In simple terms, the manufacturer is relaxed from payment of duty either fully or partially is called exemption. The manufacturer could avail the exemptions if any, which are granted in the law provided the manufacturer falls within the parameters. These exemptions could enable the manufacturers to clear excisable goods at nil rate or may also provide for concession in the matter of levy of duty based on value of clearances etc.,

·         When would it be beneficial to claim exemptions?
(i).    If the final product is being sent to the consumer then exemption should be claimed.
(ii).  If the item were an intermediate product then availing credit on the inputs and paying duty on the finished goods would be preferable when the customer is eligible for credit.
(iii). Where the order is received as basic + taxes as applicable would mean that the manufacturer would benefit by opting for duty payment.
(iv).      A comparative analysis of the two situations ( opting for registration and opting for exemption ) would highlight the benefit to the client. The manufacturer doing very low value addition could register. ( for comparative tables refer table later in this chapter).

·         What are the kinds of exemptions?
(i).    Conditional exemptions: These are exemptions that are available only where the manufacturer fulfills certain conditions. SSI exemption is one such exemption which provides exemption from excise duty up to Rs 150 Lakhs of clearances. However this is subject to the condition that the aggregate value of clearances of all excisable goods for home consumption by a manufacturer from one or more factories, or from a factory by one or more manufacturers, does not exceed rupees four hundred lakhs in the preceding financial year
(ii).  Unconditional Exemptions : These are exemptions which are granted without any conditions and also as per the provisions of Section 5A of Central Excise Act, 1994, it is compulsory that you have to avail unconditional full exemption given.
(iii). Locational/area Based Exemptions: Locational exemptions can be availed only by units located in Himachal Pradesh etc If by virtue of an exemption notification, the rate of duty is reduced to NIL, the goods specified in the tariff would still be regarded as excisable goods on which NIL rate of duty was payable. However excisable goods on which normally duty would be payable and which are removed for export under bond cannot be considered as exempted goods nor goods subject to nil rate of duty. Where the final products are exempt from duty of excise the scrap arising in the course of such manufacture is also to be exempted from duty fully.

ü      SSI Exemption
Ø      What is SSI Exemption?
The exemption notification could be availed only if the substantive conditions attached thereto are fulfilled.  The exemption based on the value of clearances for units who have had clearances not exceeding Rs. 400 Lakhs [also called the SSI Exemption] is available for specified products, which may be confirmed by reference to the Notification 8/2003 dt. 1.3.2003. The manufacturer who is eligible for the exemption can claim the exemption up to a clearance value of Rs.150 Lakhs. Clearance has to be differentiated from turnover as the former is the value of removals whereas the latter is the sale/ transfer of property. (For details refer Chapter 2 for the Provisions relating to SSI).
The exemption notification could be availed only if the substantive conditions attached thereto are fulfilled.  The exemption based on the value of clearances for units who have had clearances not exceeding Rs. 150 Lakhs during the year is called the SSI Exemption.
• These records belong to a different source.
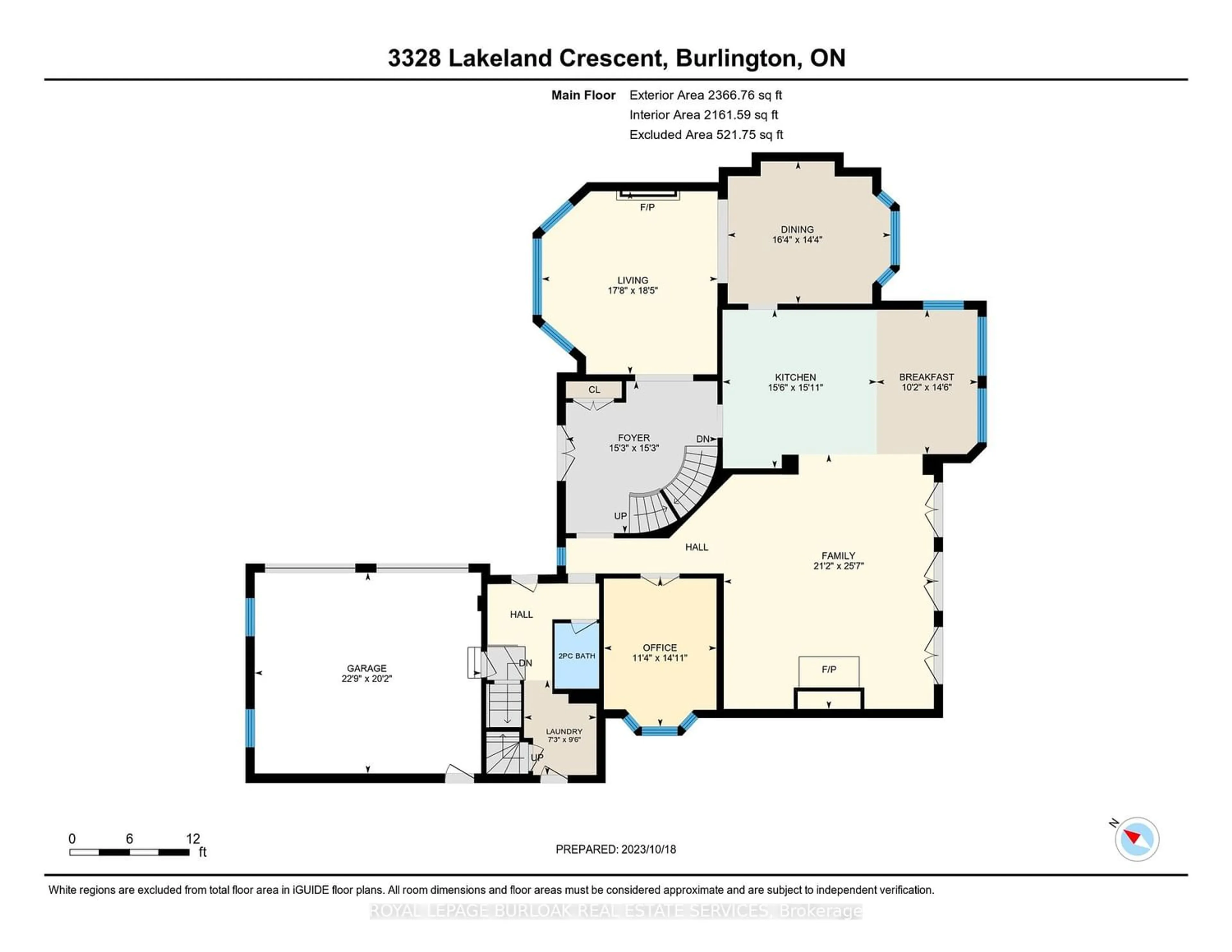 Floor plan for 3328 Lakeland Cres, Burlington Ontario L7N 1B8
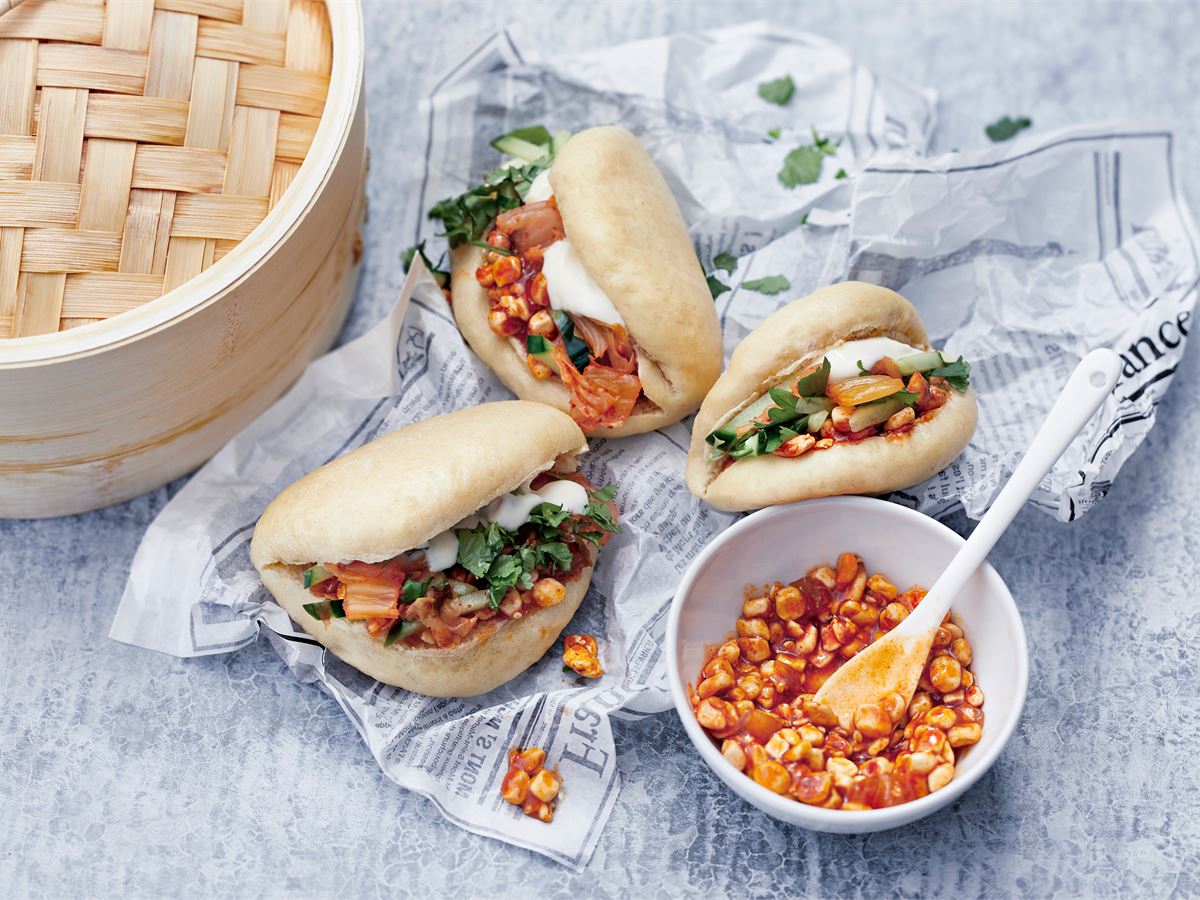 Mifu Gua Bao eli Mifulla täytetyt höyrytetyt sämpylät | Valio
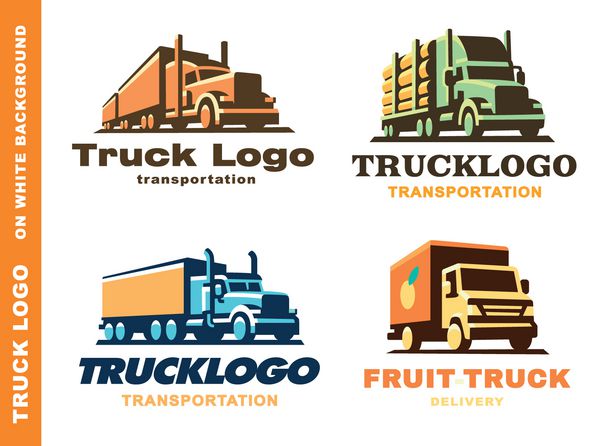 مجموعه لوگو با کامیون و تریلر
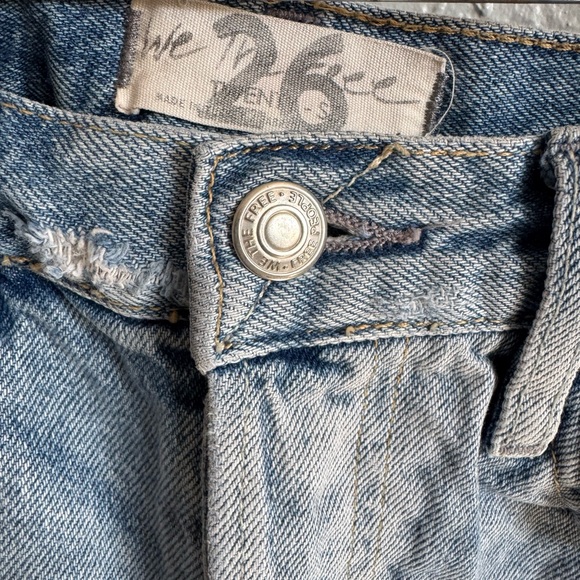 Free People Light Blue Distressed Jean Shorts - Picture 3 of 4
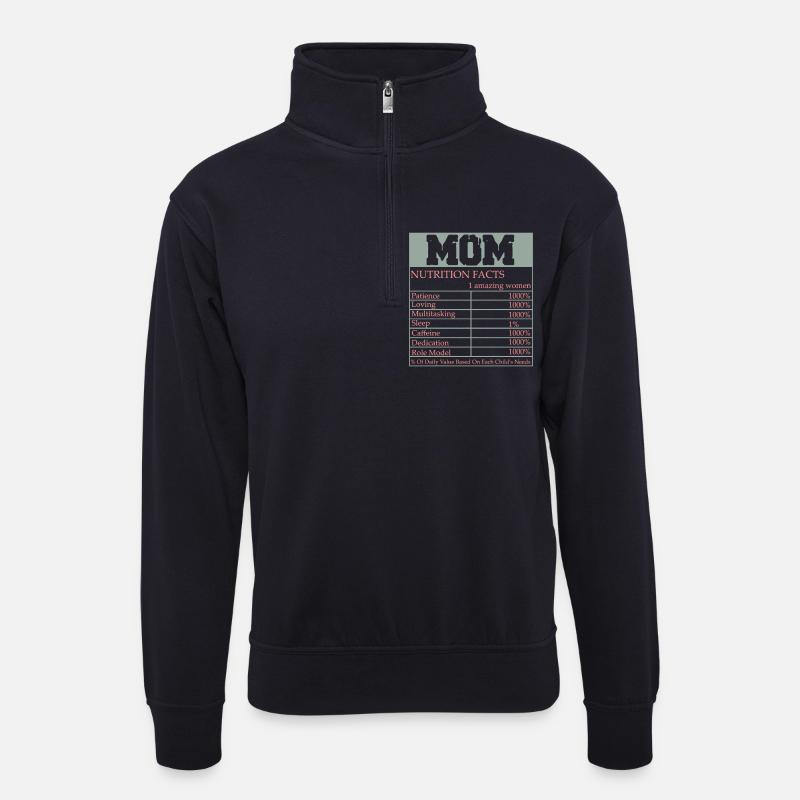 Mama - Unisex Pullover mit Zip-Kragen - Dunkelnavy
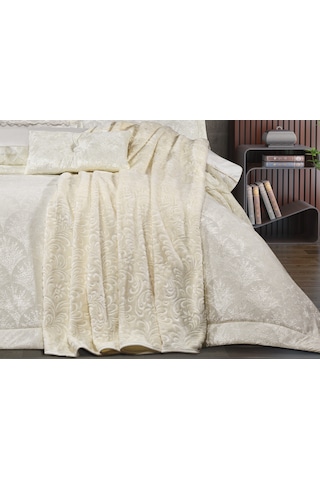 Goldroom Home Buket 11 Parça Nakışlı Nevresim Takımlı,kadife Yatak Örtüsü Ve Battaniyeli Çeyiz Seti Krem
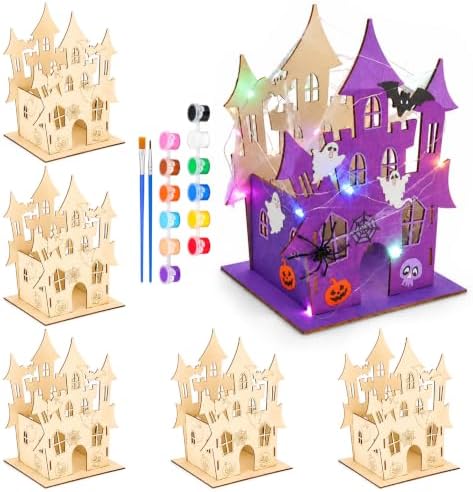 DoubleFill 6 Set Halloween Wooden Castle House Craft Kits, DIY by DoubleFill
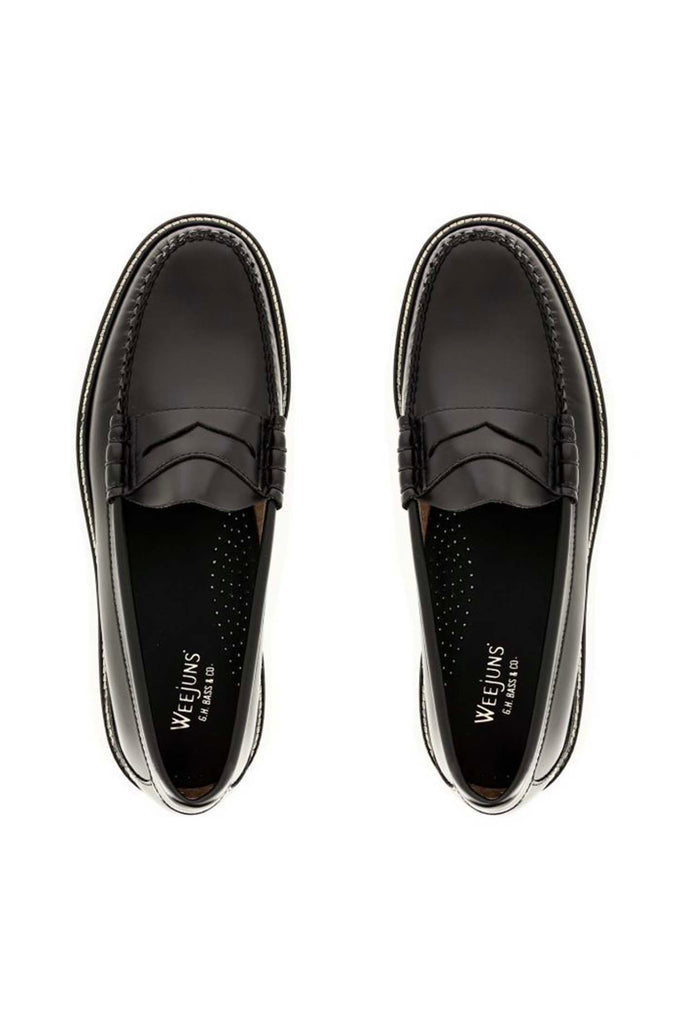 LARSON PENNY LOAFERS BLACK LEATHER - Ghiglino1893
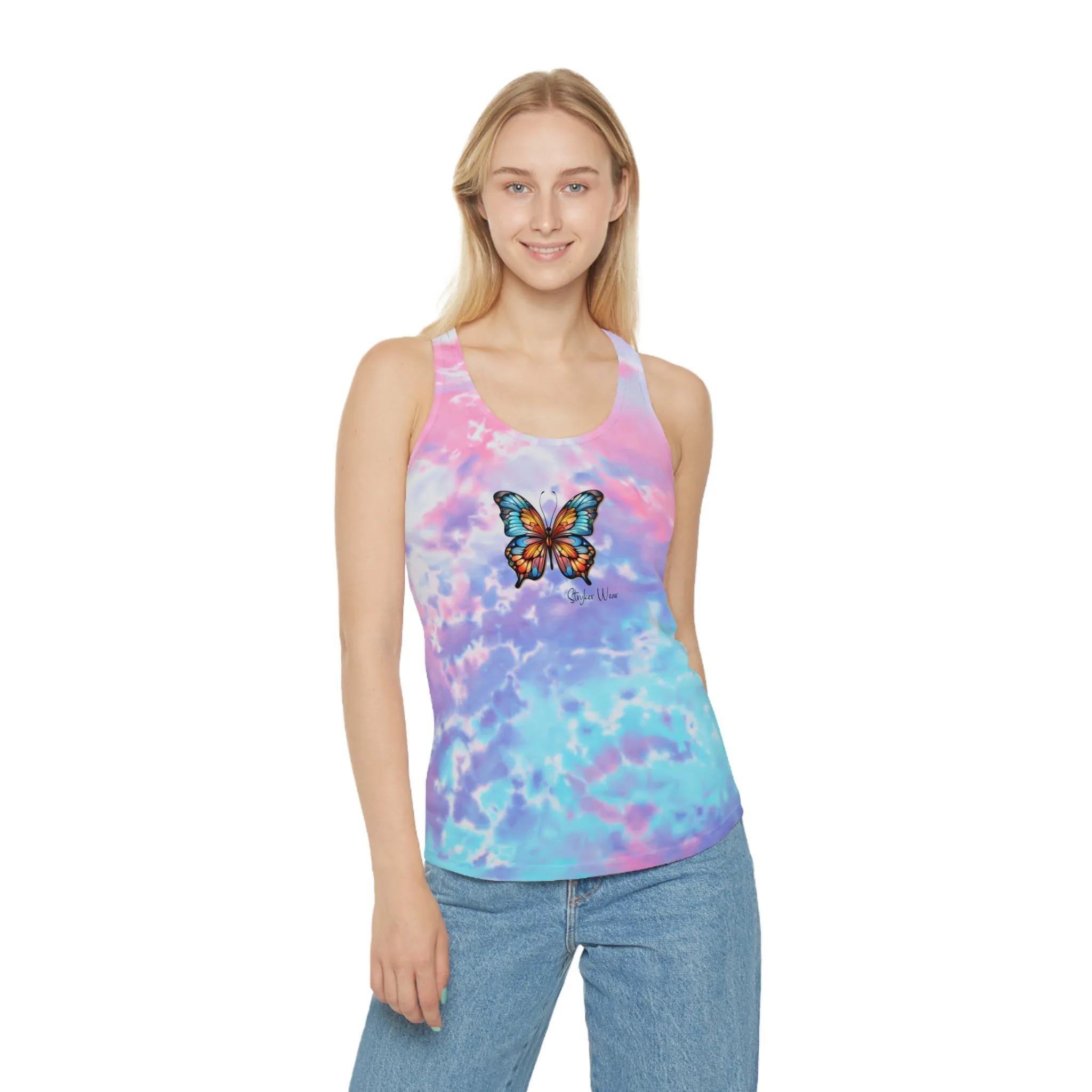 Colorful Butterfly | Tie Dye Racerback Tank Top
The same is available for specified products, which may be confirmed by reference to the Notification 8/2003 dt. 1.3.2003.
Ø      Conditions to be fulfilled:
·         The exemption notification could be availed only if the substantive conditions attached thereto are fulfilled. 
·         Here it has to be noted that this exemption is not available for Branded Goods of another.
·         However if such a branded goods manufacturer is situated in a rural area, manufactures for Khadi Board or is an Original Equipment Manufacturer then the exemption would still be available i’e when goods are manufactured bearing the brand name of manufacturer himself then the exemption would still be available.
·         Even where the raw materials received by manufacturers which may bear a brand name are entitled to benefit of Notification.
·         Where the goods manufactured by the SSI unit are branded goods, payment of duty on such branded goods would not disentitle the other products from getting the benefits of the Notification.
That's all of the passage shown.